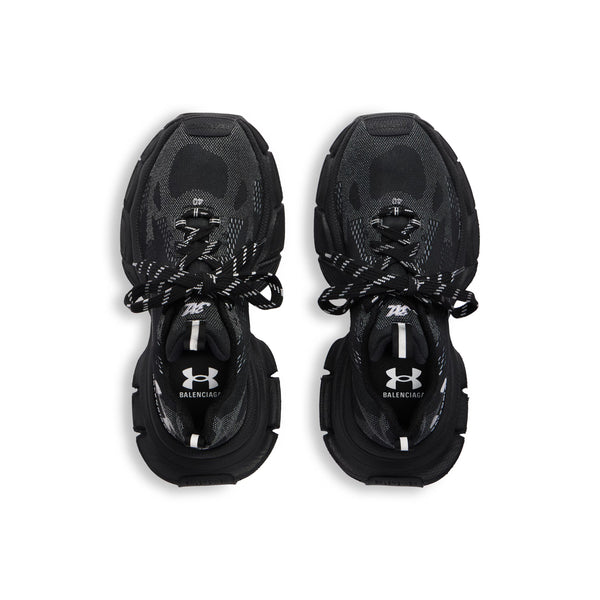 Women's 3XL Knit Sneaker in Black/White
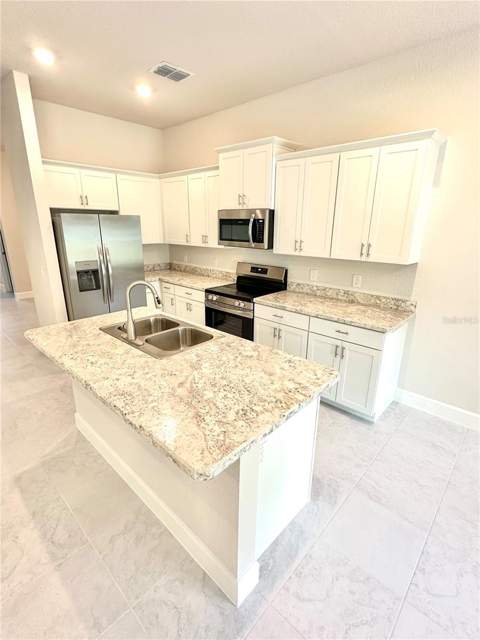 4635 NE 32nd Place, Ocala FL - photo 6 of 12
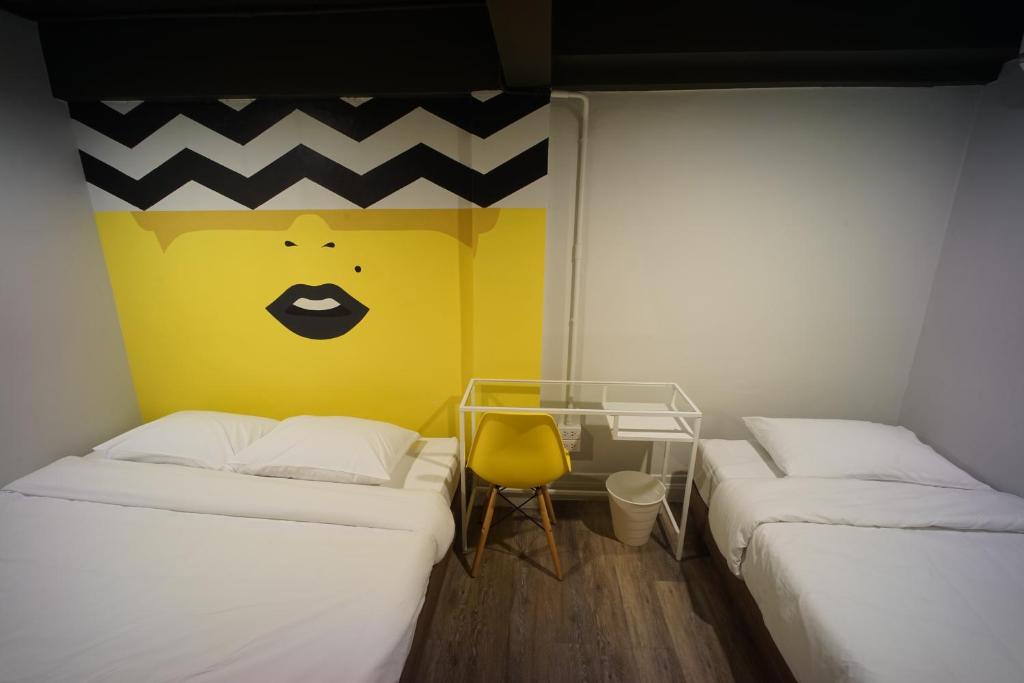 Трехместный (Трехместный номер с общей ванной комнатой), BRB Hostel Bangkok Silom
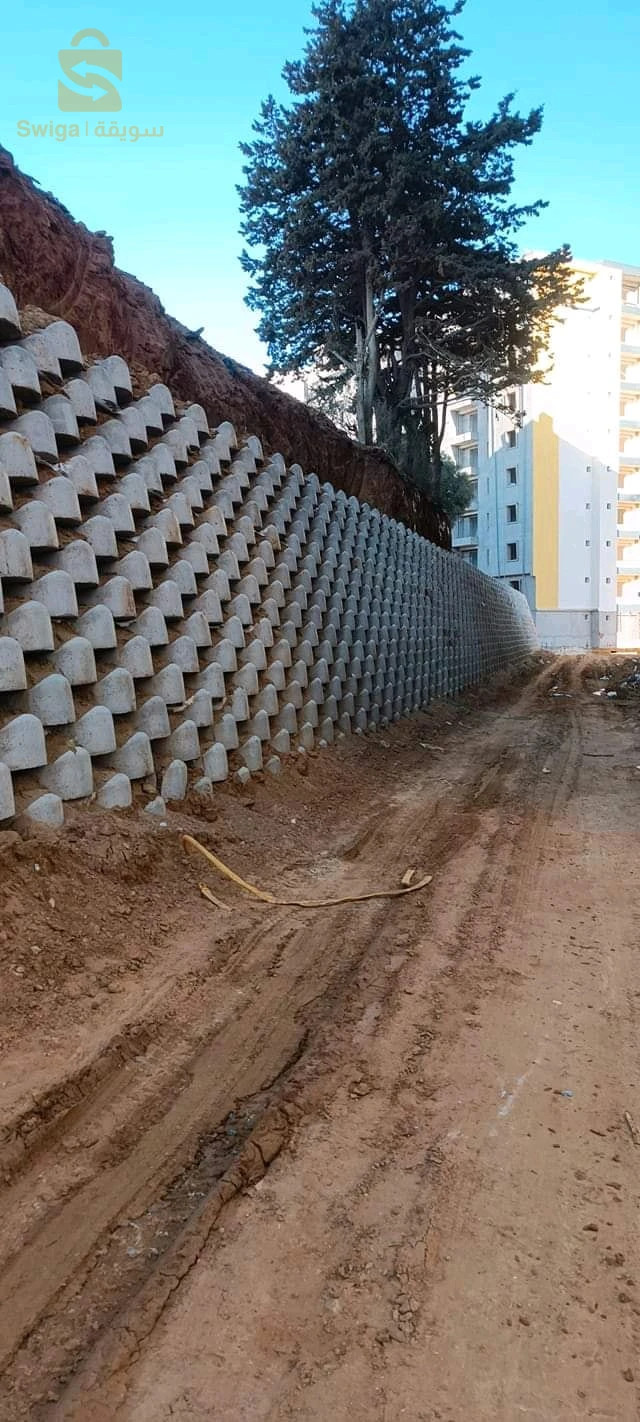 معدات البناء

● ● ● ● ●

Work to be completed: With the pictures excluded, restate word for word each line from the one that contains "4635 NE 32nd Place, Ocala FL - photo 6 of 12" through the last line of the listing above.

Exercise solution:
 4635 NE 32nd Place, Ocala FL - photo 6 of 12
 Трехместный (Трехместный номер с общей ванной комнатой), BRB Hostel Bangkok Silom
 معدات البناء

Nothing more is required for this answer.